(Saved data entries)
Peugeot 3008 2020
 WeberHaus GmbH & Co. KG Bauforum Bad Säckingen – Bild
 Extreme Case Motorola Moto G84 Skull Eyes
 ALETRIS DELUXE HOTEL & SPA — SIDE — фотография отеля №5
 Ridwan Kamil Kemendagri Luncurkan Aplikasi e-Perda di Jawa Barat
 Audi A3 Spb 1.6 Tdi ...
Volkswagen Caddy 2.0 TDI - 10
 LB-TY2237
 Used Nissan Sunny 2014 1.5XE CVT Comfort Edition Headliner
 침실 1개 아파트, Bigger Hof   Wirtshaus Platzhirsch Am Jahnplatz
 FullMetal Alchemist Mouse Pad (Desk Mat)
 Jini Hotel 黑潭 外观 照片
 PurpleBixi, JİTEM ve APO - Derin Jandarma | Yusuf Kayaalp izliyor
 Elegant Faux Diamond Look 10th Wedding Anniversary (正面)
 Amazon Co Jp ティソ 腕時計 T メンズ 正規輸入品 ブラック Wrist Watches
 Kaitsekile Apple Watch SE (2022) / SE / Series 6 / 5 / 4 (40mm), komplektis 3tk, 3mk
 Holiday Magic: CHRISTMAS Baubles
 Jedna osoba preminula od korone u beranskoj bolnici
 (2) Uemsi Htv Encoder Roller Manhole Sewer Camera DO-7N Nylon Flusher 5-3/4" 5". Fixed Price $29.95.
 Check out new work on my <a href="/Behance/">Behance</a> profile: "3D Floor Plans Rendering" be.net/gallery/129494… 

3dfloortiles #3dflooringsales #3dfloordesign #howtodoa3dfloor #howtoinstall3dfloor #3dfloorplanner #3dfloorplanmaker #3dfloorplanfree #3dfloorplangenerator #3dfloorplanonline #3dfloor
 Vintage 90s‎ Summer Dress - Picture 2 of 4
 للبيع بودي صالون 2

*PROBLEM DETAILS*
Could you retype exactly the lines from the first one of the records through the line containing "3dfloortiles #3dflooringsales #3dfloordesign", both included, and nothing more?

*ANSWER TO THIS EXERCISE*
Peugeot 3008 2020
 WeberHaus GmbH & Co. KG Bauforum Bad Säckingen – Bild
 Extreme Case Motorola Moto G84 Skull Eyes
 ALETRIS DELUXE HOTEL & SPA — SIDE — фотография отеля №5
 Ridwan Kamil Kemendagri Luncurkan Aplikasi e-Perda di Jawa Barat
 Audi A3 Spb 1.6 Tdi ...
Volkswagen Caddy 2.0 TDI - 10
 LB-TY2237
 Used Nissan Sunny 2014 1.5XE CVT Comfort Edition Headliner
 침실 1개 아파트, Bigger Hof   Wirtshaus Platzhirsch Am Jahnplatz
 FullMetal Alchemist Mouse Pad (Desk Mat)
 Jini Hotel 黑潭 外观 照片
 PurpleBixi, JİTEM ve APO - Derin Jandarma | Yusuf Kayaalp izliyor
 Elegant Faux Diamond Look 10th Wedding Anniversary (正面)
 Amazon Co Jp ティソ 腕時計 T メンズ 正規輸入品 ブラック Wrist Watches
 Kaitsekile Apple Watch SE (2022) / SE / Series 6 / 5 / 4 (40mm), komplektis 3tk, 3mk
 Holiday Magic: CHRISTMAS Baubles
 Jedna osoba preminula od korone u beranskoj bolnici
 (2) Uemsi Htv Encoder Roller Manhole Sewer Camera DO-7N Nylon Flusher 5-3/4" 5". Fixed Price $29.95.
 Check out new work on my <a href="/Behance/">Behance</a> profile: "3D Floor Plans Rendering" be.net/gallery/129494… 

3dfloortiles #3dflooringsales #3dfloordesign #howtodoa3dfloor #howtoinstall3dfloor #3dfloorplanner #3dfloorplanmaker #3dfloorplanfree #3dfloorplangenerator #3dfloorplanonline #3dfloor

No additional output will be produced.